There is nothing that seems so strange and insidious to British viewers of American culture as summer camps. They are a phenomenon that would not be tolerated by British youth – yet the Americans seem to love them and they are commonly seen in American films and television.
But I’m a Cheerleader tells the story of Megan (Natasha Lyonne), a naïve teenager who is sent to a gay rehabilitation camp due to her seemingly deviant behavior – the joke being that she thinks that due to her being a cheerleader, she can’t be anything but ‘normal’. However her friends and family all read the signs and decide that she’s a lesbian who needs help to be straightened out.
Whilst at the camp Megan meets the beautiful Graham (an emo-lesbian girl), and is slowly convinced that she is gay after all, and that she needs to find her True Direction.
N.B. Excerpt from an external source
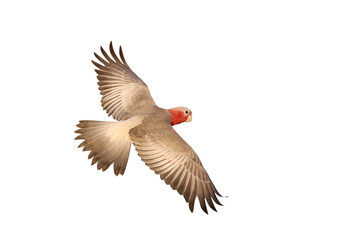 Beautiful of Galah Cockatoo flying isolated on transparent background png file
Along the way the inmates (for want of a better term) are convinced into going to a gay bar and rebelling against the camp by a pair of ex-inhabitants – this indiscretion leads them to be punished and forced to picket their gay friends’ house with homophobic placards. If the film weren’t played out as a campy comedy, it would be easy to be appalled by the gender politics and homophobia.
Luckily however, the film is largely an attack on boring conservative views on sexuality and features lots of camp twinks running around screaming and deep-throating things. The colour scheme is full of pink, green and blues, while the editing is surreal, with lots of characters giving winks and asides to the audience. It has great early performances from Clea Duvall and Michelle Williams and even features RuPaul as a camp (!) leader.
Overall Verdict: A fittingly camp comedy for a film about a gay rehabilitation camp. However it’s a serious message wrapped in a light and funny film. Underrated.